To fix your issue at this moment you would need to run each case singularly (without the wrapper module, but using Pandora.model for every case as I suggested in issue #229 ) or you will have to wait until we publish a new release including the feature that you need (we are trying to do it within next week).

Finally, allow me to give you a suggestion: I would still advise you to also run the models with the template selected autonomously by PANDORA and check those as well. Looking back at the example you mentioned in issue #229 , the different residue in position 1 might actually be different enough to justify a change in the conformation. in fact, with canonical anchoring, P1 is often very restrained, meaning a Cysteine might fit there but an Arginine might well not be able to, having a side chain that is almost twice the size.

GuidoLeoni commented 1 year ago

Dear @DarioMarzella Thank you very much for your fast aswer.
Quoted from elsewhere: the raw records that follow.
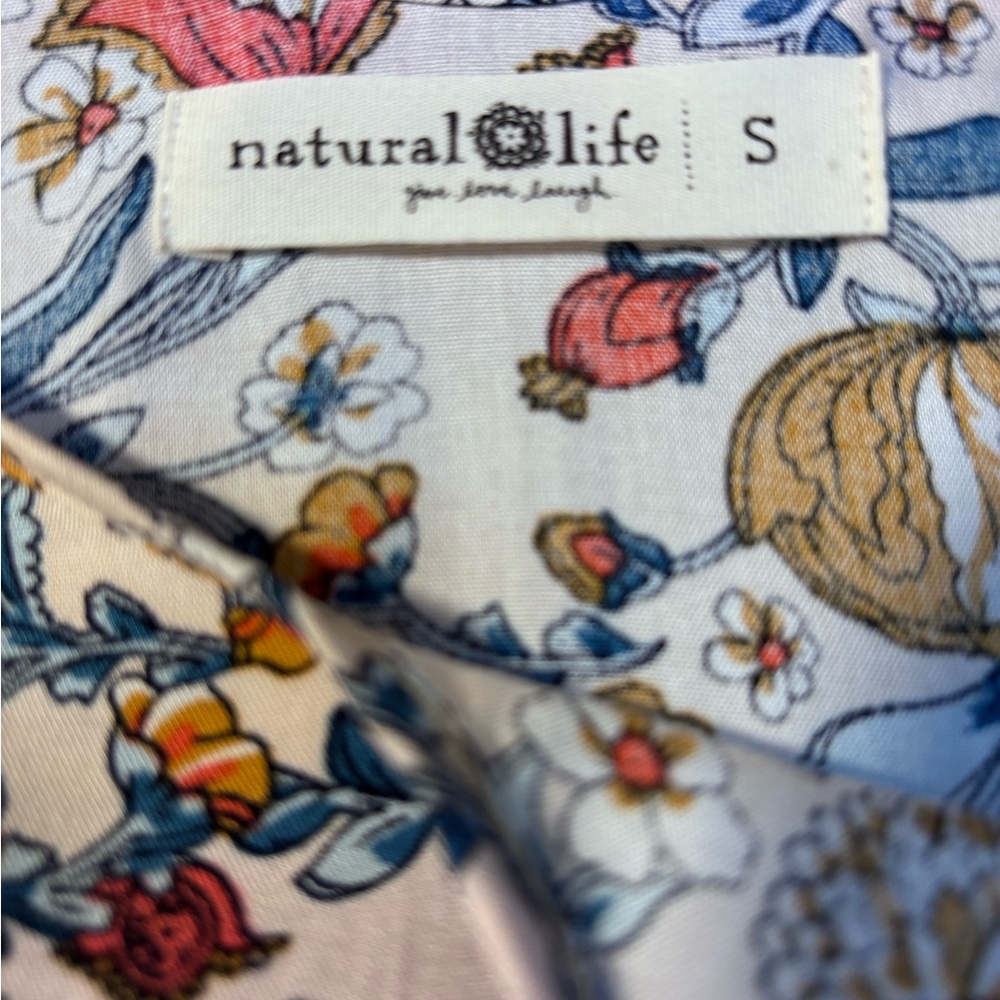 Natural Life Madi Long Maxi Bohemian Floral Slip Dress Size S - Picture 3 of 4
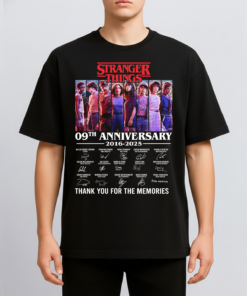 Alternative view of Stranger Things Unisex Tonal Eleven Group Pose Organic Short Sleeve T-Shirt, Sweatshirt, Hoodie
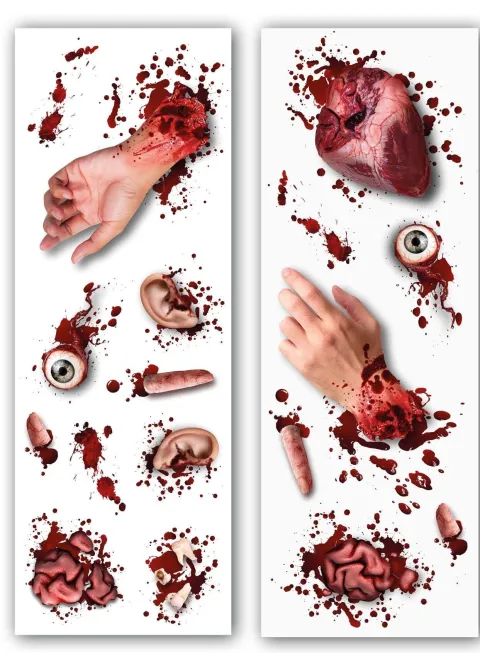 Stickers med blodige kropsdele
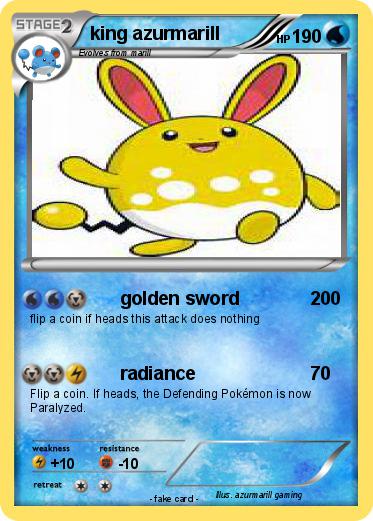Pokemon king azurmarill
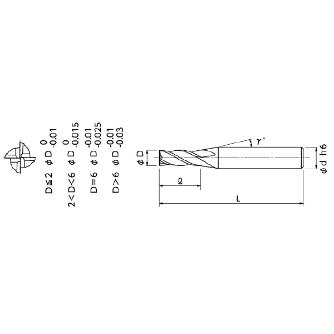日進工具（株） 無限コーティング リード45エンドミル 4枚刃 MX445 無限コーティング　リード４５ＥＭ　４枚刃 MX445 10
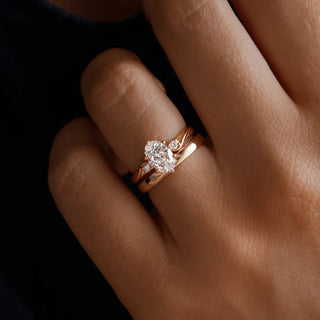 Round Halo, Pave & Split Shank Engagement Ring – 1.93 CT Lab Grown Diamond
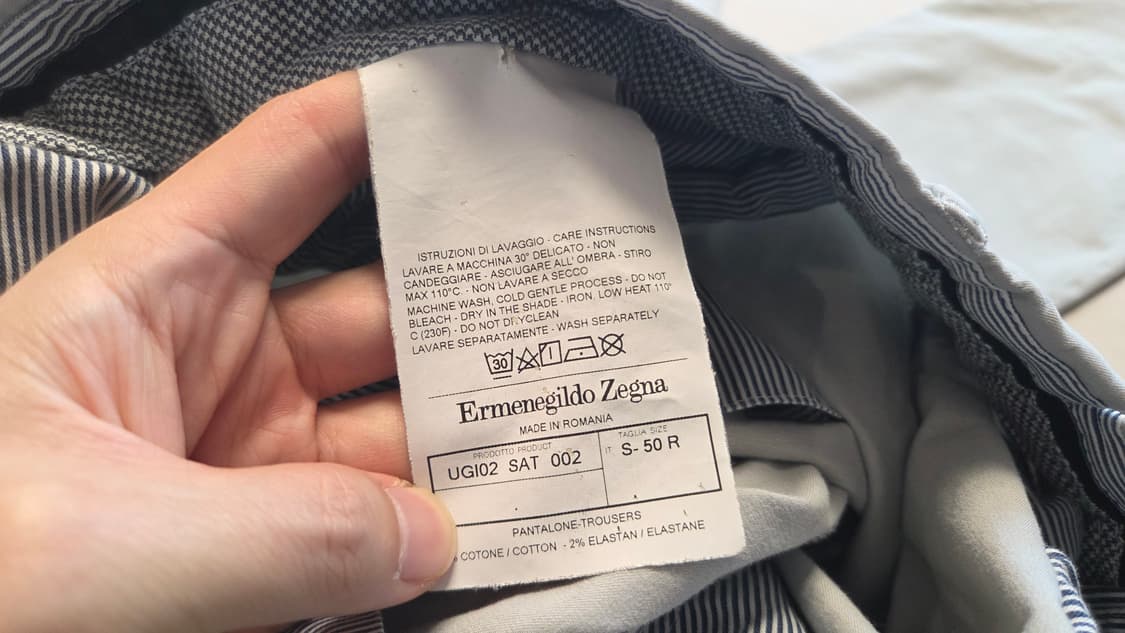 에르메네질도 제냐  스트레치 캐주얼 팬츠  상품이미지7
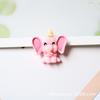 Accesorios de joyería de dibujos animados diy resina esmerilada pequeños lindos como pasador para el pelo de niños material de banda de goma
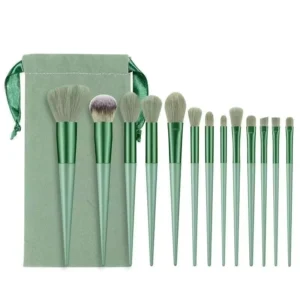 13 piece Synthetic Fiber Makeup Brush Set Soft Bristles for Beginners Suitable for Loose Powder Makeup Brush Set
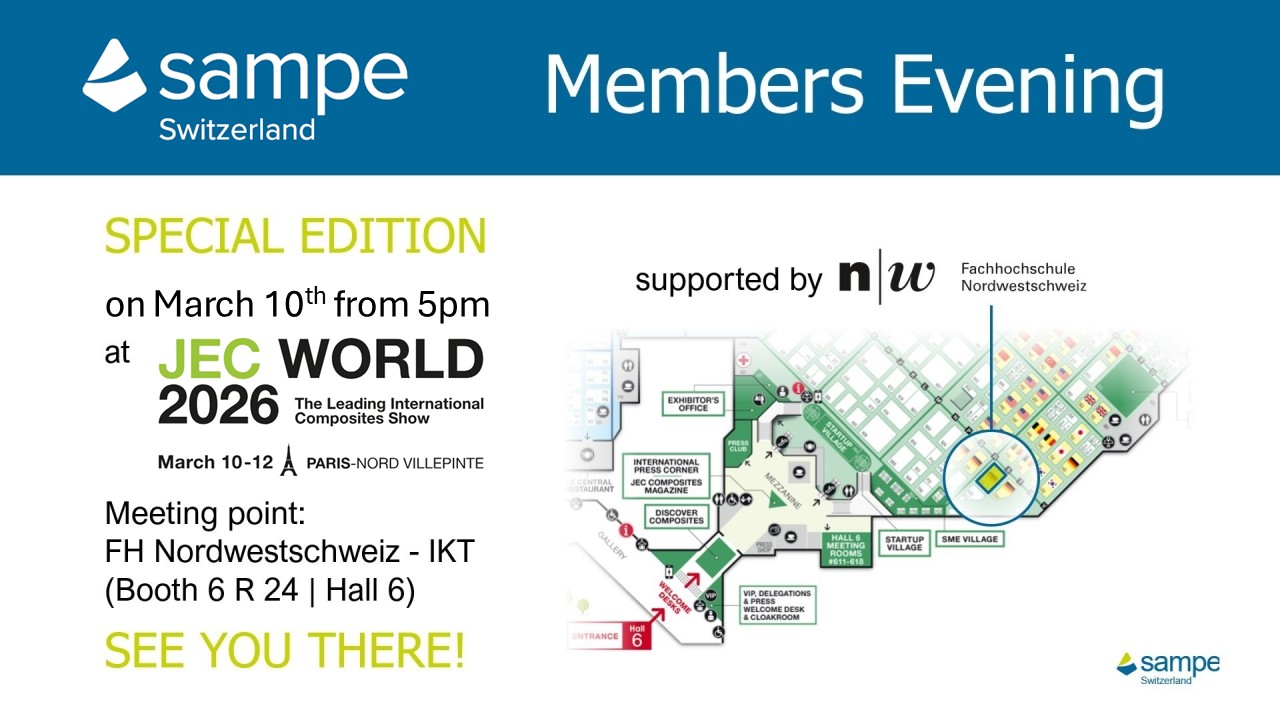 SAMPE Switzerland Members Evening – Special Edition at JEC World 2026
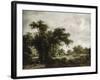 La ferme-Meindert Hobbema-Framed Giclee Print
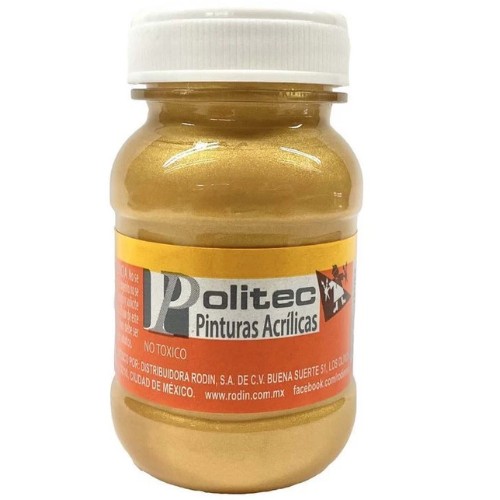 Pintura Politec Mediana Metalica Oro
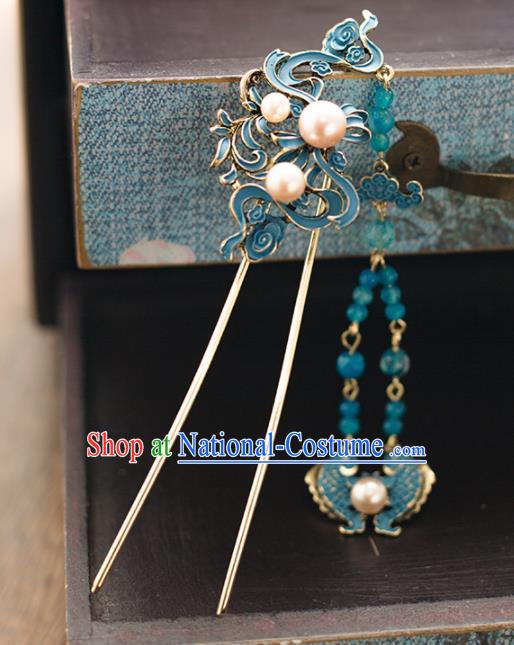 Chinese Ancient Bride Wedding Hair Accessories Hair Clips Tassel Hairpins Headwear for Women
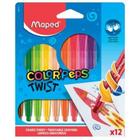 Giz De Cera Color Peps Twist 12 Cores Maped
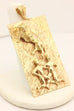 14k yellow gold pendant Zodiac bull Taurus May Zeus 2.5 inch 22.54g vintage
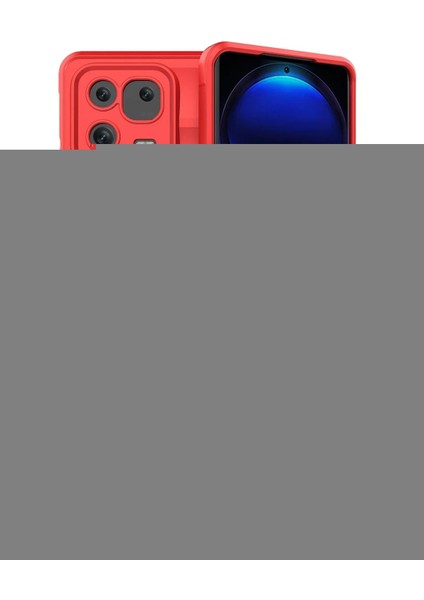 Xiaomi Mi 13 Kılıf Optimum Silikon - Kırmızı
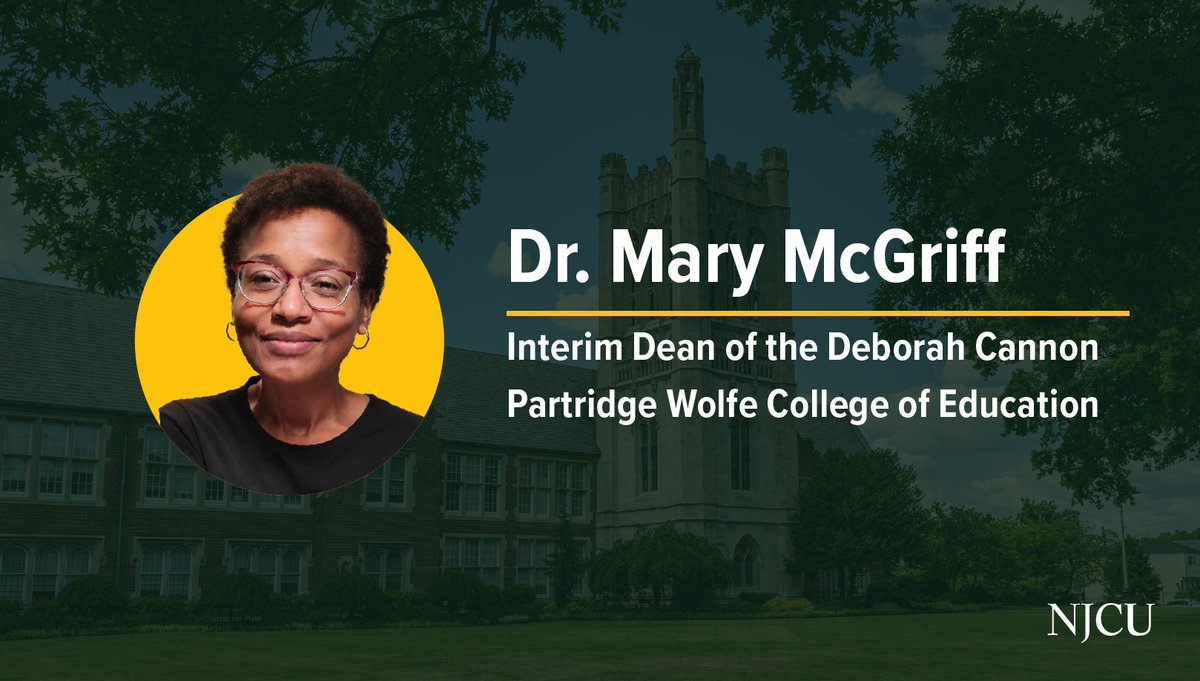 NJCUniversity's tweet image. New Interim Dean Appointed for the Deborah Cannon Partridge Wolfe College of Education
As we prepare for the next academic year and our future with Kean University, NJCU is proud to announce new leadership within the Deborah Cannon Partridge Wolfe College of Education.…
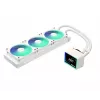ASROCK Challenger 360 Digital ARGB White — refrigeración líquida para CPU de 360mm, iluminación ARGB digital, acabado blanco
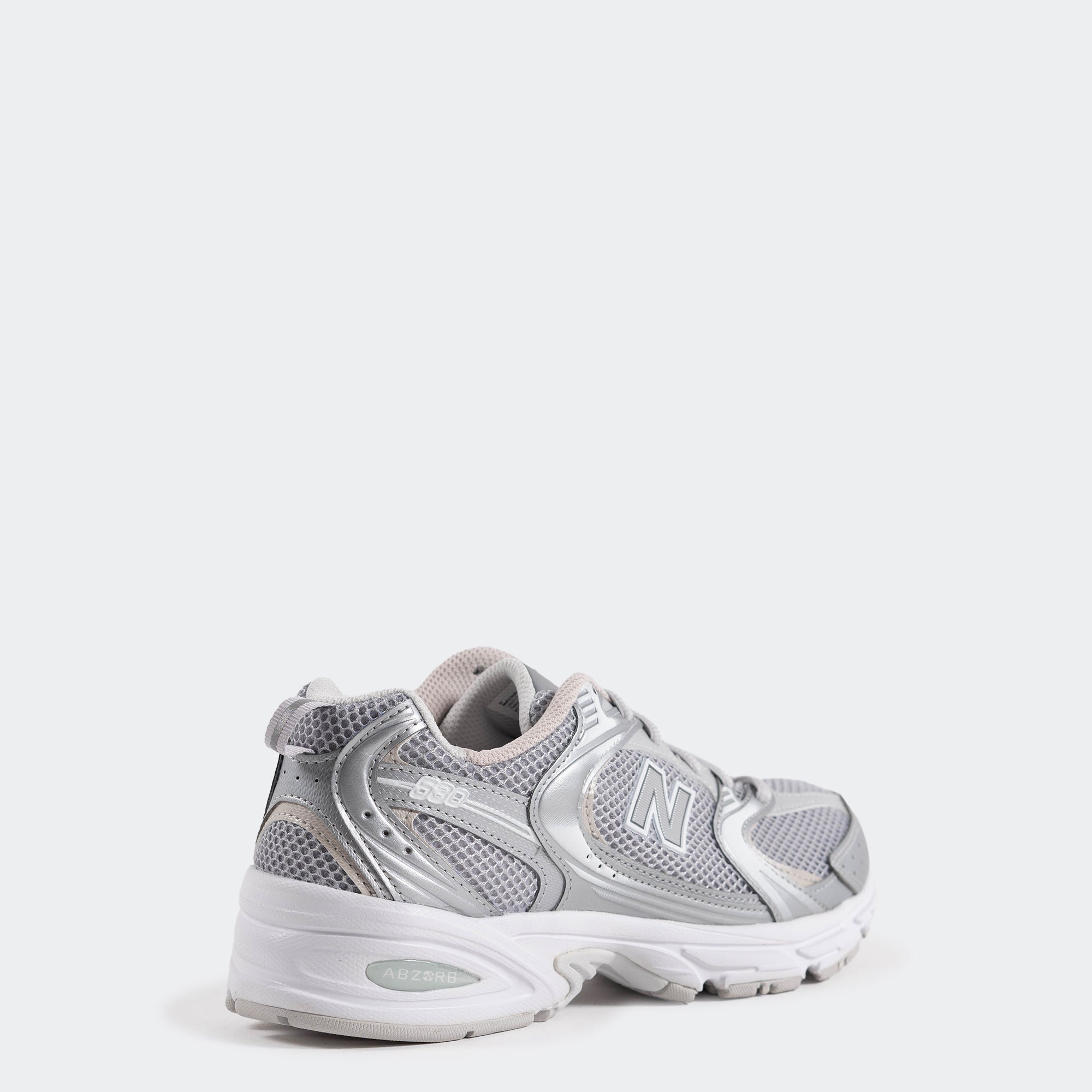 Unisex New Balance 530 Shoes Silver Metallic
I'm running the 1.0 version of Pandora. I will try also to apply your suggestion. At present I'm testing PANDORA on a dataset of validated pairs of mutated/wt neoantigens and of course I would estimate if there is an evident signal (or not) related to changes of conformations in mut vs the wt counterparts

DarioMarzella commented 1 year ago

Thanks for the information. This is not related to this issue, but may I ask which anchors are you using? From the script you posted above, it would seem like you are letting PANDORA use the default anchoring, which might be incorrect especially if you have mutations at or close to the anchor position. I would advise you to install NetMHCpan to predict the binding cores. Its piping with PANDORA in version 1.0 is a bit clunky, but we made several improvements to it in version 2.0 pre-releases. Still, I would suggest you wait until we drop the next update to update your installation of PANDORA (I can guide you through it, if needed).

GuidoLeoni commented 1 year ago

OK I'll wait thank you

GuidoLeoni commented 1 year ago

Dear @DarioMarzella I would test the new version of PANDORA . please could provide to me some indications about how to update it? thanks Guido

DarioMarzella commented 1 year ago

Dear @GuidoLeoni , you were faster than me in replying here! First, thanks a lot for "volunteering" to test. To update PANDORA I would advice you to manually uninstall the previous version and install the current one. This should not be necessary for future releases but it is better to do do in this case, considering the amount of changes in the new version.

Then, in any case: Just to be sure, set again your MODELLER license key: run export KEY_MODELLER="XXXX" replacing "XXXX" with your key. And finally reinstall PANDORA: conda install -c csb-nijmegen csb-pandora -c salilab -c bioconda

You will need to download the template database but now you will be able to do so by simply running from command line: pandora-fetch (all of those steps are listed in the updated installation section of the README file)

Please let me know if any step is not clear or it does not work, I will be happy to help.